Under pressure from the New York attorney general, Thomson Reuters has agreed to suspend its practice of providing high-frequency traders with market-moving consumer survey results a couple of seconds before the information is given to other subscribers.
Thomson Reuters pays more than $1 million a year to exclusively distribute the University of Michigan consumer survey results - which are published once a fortnight - to its terminal subscribers five minutes before the wider market sees them.
However, the data giant has also been giving high-frequency traders willing to pay several thousand dollars a month an extra two second head-start.
The practice is understood to have come to the attention of New York attorney general Eric Schneiderman earlier this year after a former Thomson Reuters staffer filed a whistle blower complaint. Schneiderman's office launched an investigation in April which, despite Thomson Reuters' latest move, is ongoing.

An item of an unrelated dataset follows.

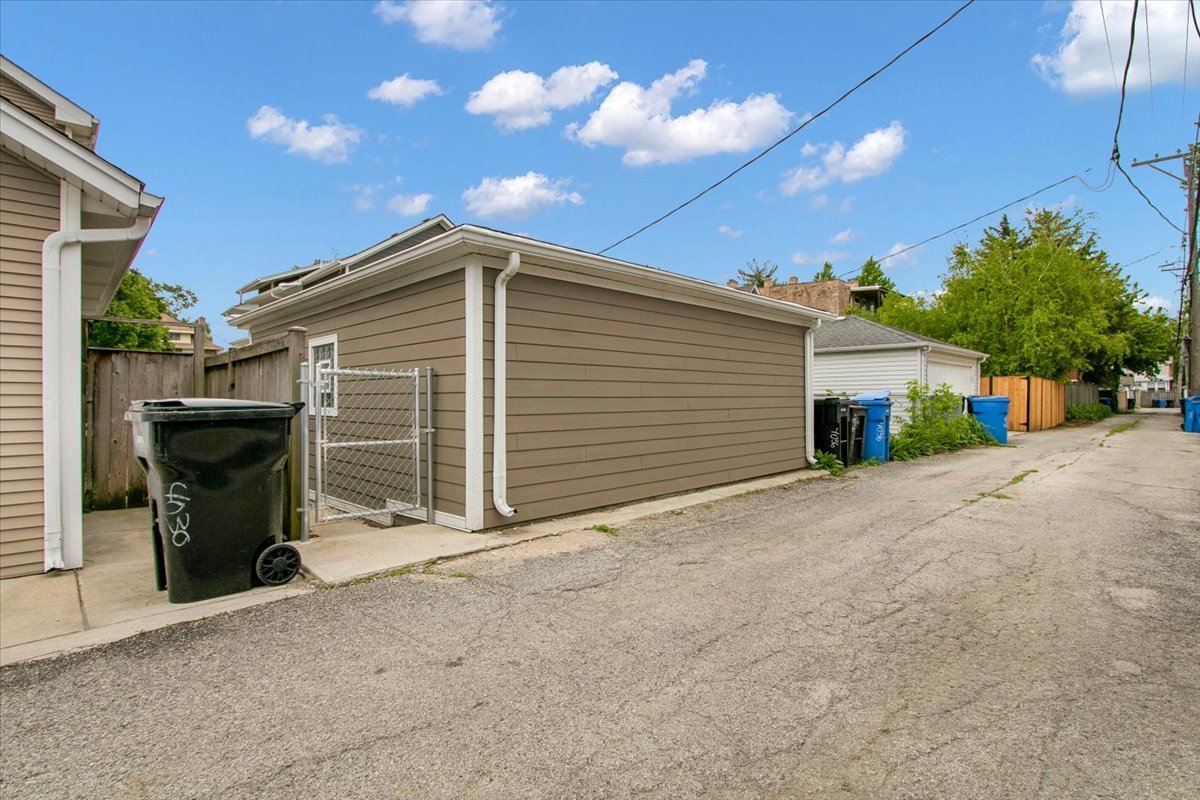 4036 W Warwick Avenue Property Photo 49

In a statement, Schneiderman's office says: "That two second advantage is more than enough time for these traders to take unfair advantage of their early access to this information as they execute enormous volumes of trades in the blink of an eye."
Although it has discontinued the practice, Thomson Reuters has defended it, with spokesman Lemuel Brewster telling the New York Times: "Thomson Reuters strongly believes that news and information companies can legally distribute nongovernmental data and exclusive news through services provided to fee-paying subscribers.
"It is widely understood that news and information companies compete for exclusive news and differentiated content to help their customers make better informed trading and investment decisions."